Coindesk Scraper - Coding Takeaways

Posted by Ming Duan on April 9, 2019

In this project, I built a ruby gem that scrapes the top news from Coindesk. It collects a list of news articles from the Coindesk homepage and gives users a CLI that they can interact with, eg. pulling the full article based on the user’s choice or review the list of articles. The knowledge applied here includes Ruby language, Object Oriented programming and Scraping.

There are a few takeaways from developing the gem that I’d like to share. I used the Outside In development approach in developing the gem. It is a CLI program, so I started by thinking how I want my users to interact with my program. As a first step, I tried to figure out the interface I would like my users to have, such as having a greeting, brief information about the gem and an instruction on what they can do next.

The part that I believe that laid the basis for my program is the code structure. Objects interact with each other through the developer’s own design. I began by laying out my file structures and my target outcomes. For example, I would like to have a CLI file that gives instructions to the user and accepts user’s inputs; I would also like to have a controller file which runs my codes to return the targeted outputs; lastly I would need a scraping file the whole job of which is to scrape from the website. In addition, because I would want to assign properties to my news articles, such as a title, a release date and a URL, and call them when needed, it comes handy if I program my news article objects as instance and assign the properties as my instance’s attributes.

Along the way as I coded, I applied some basic coding principles. When having my classes communicating with each other, I tried to use less objects. It is much easier to maintain and keep the most flexibility of codes if one object serves only one job. Also, functions like loop are the key to keep a program interactive – You would want your users to keep being engaged and playing with your program instead of making it a one-time thing. There are also small things that I took notes on, such as watch out for the return value of a method, sequence of the codes matters, test run frequently, commit early and commit often, use dummy codes to test the operational structure first…

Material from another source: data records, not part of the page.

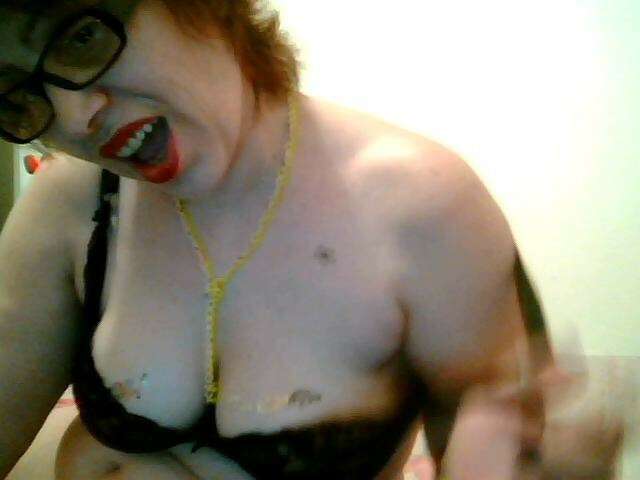 free sexy photo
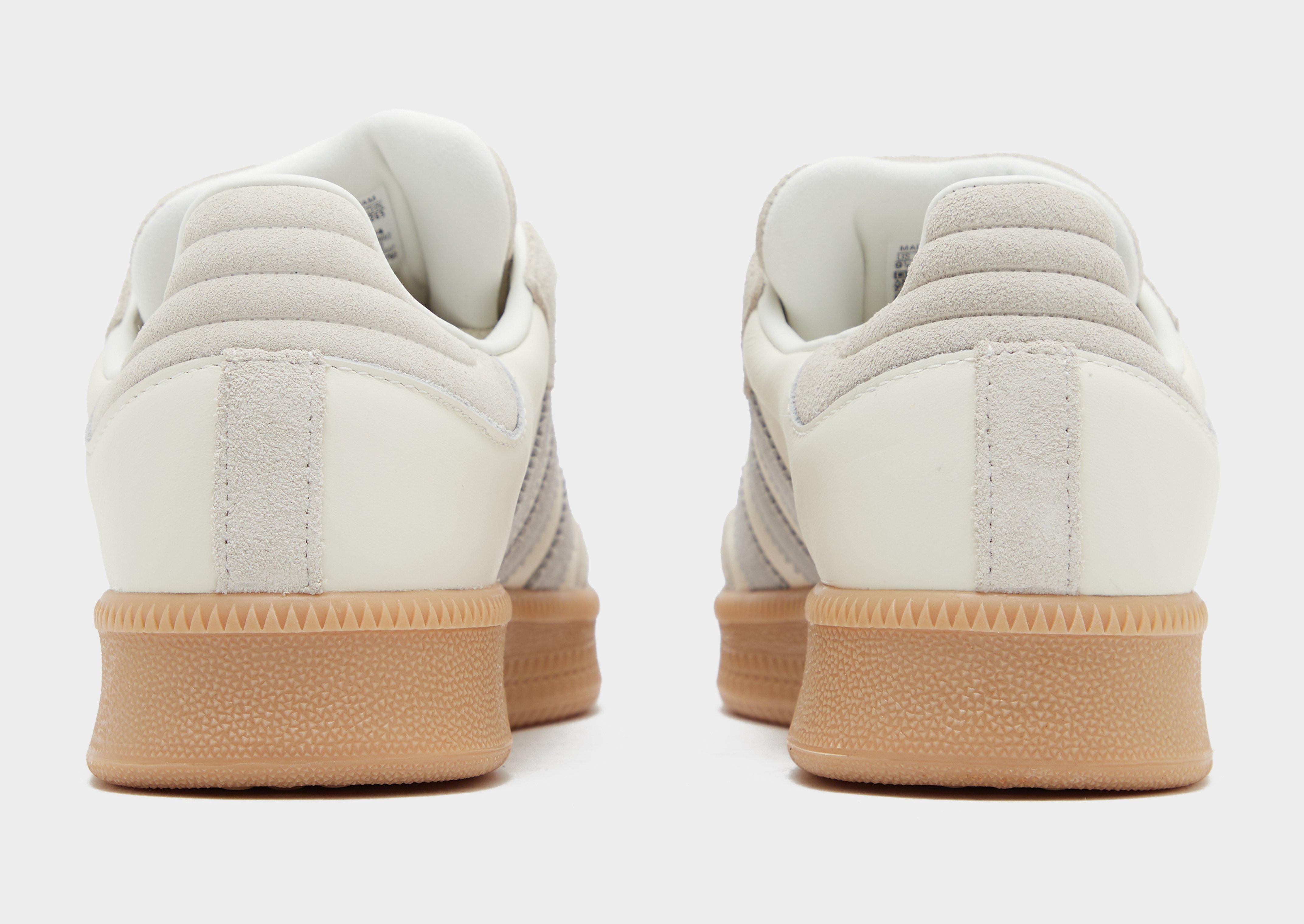 adidas Originals Samba XLG Miehet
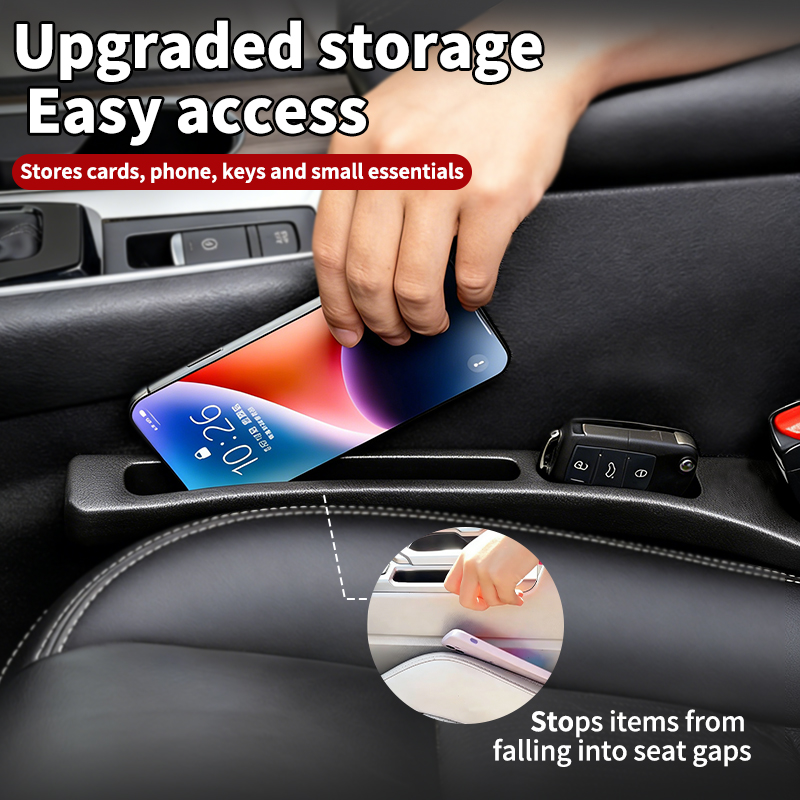 Custom Fit For Ford Ranger PHE - Electronics And Gadgets 评论和价格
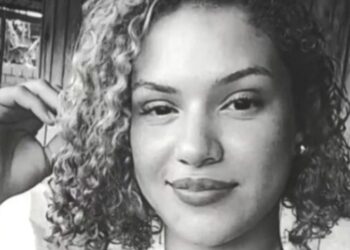 Mulher morta pelo sogro aps brigar por guarda de filho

The last thing I’d like to mention is scraping. When scraping, it is really important to take a moment and analyze the structure of the webpage first and see how the webpage breaks down into sections and expands its content. For example, on the Coindesk website, the content of its home page is clustered into three sections: top-article, featured-articles, and article-streams. After understanding the structure, it becomes ituitive to know how to use CSS Selector to select the specific elements to iterate over in my program.

Last but not least, coding sometimes can be overwhelming and exhausting. From the way I see, code structure is always more important than the code itself. The key is to understand clearly the goal and the designed outcome and then start from there. Just like in life, take one step at a time in coding, and you know you will get there.

Happy coding!